▶ _Task inputs_

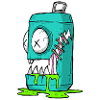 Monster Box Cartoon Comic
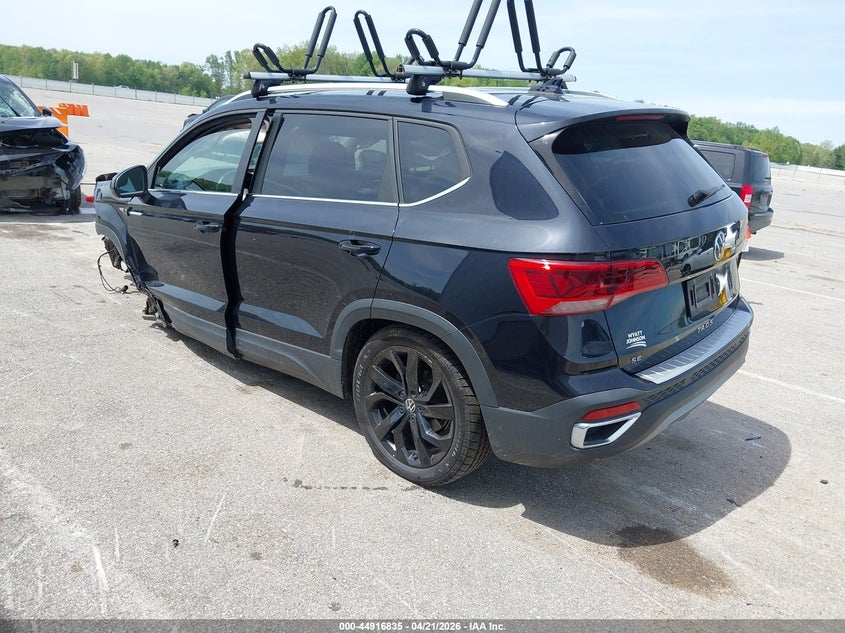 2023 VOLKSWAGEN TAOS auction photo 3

--

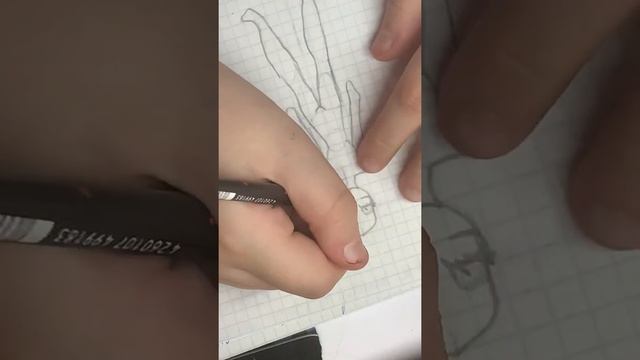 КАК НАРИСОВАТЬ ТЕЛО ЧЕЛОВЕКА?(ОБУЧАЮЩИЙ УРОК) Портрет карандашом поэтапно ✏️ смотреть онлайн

▶ _Work request_
Reproduce exactly the lines of the data above that run from the line with "Monster Box Cartoon Comic" down to the line with "2023 VOLKSWAGEN TAOS auction photo 3", both ends included. Pictures do not belong in the copy.

▶ _Expected answer_
 Monster Box Cartoon Comic
 2023 VOLKSWAGEN TAOS auction photo 3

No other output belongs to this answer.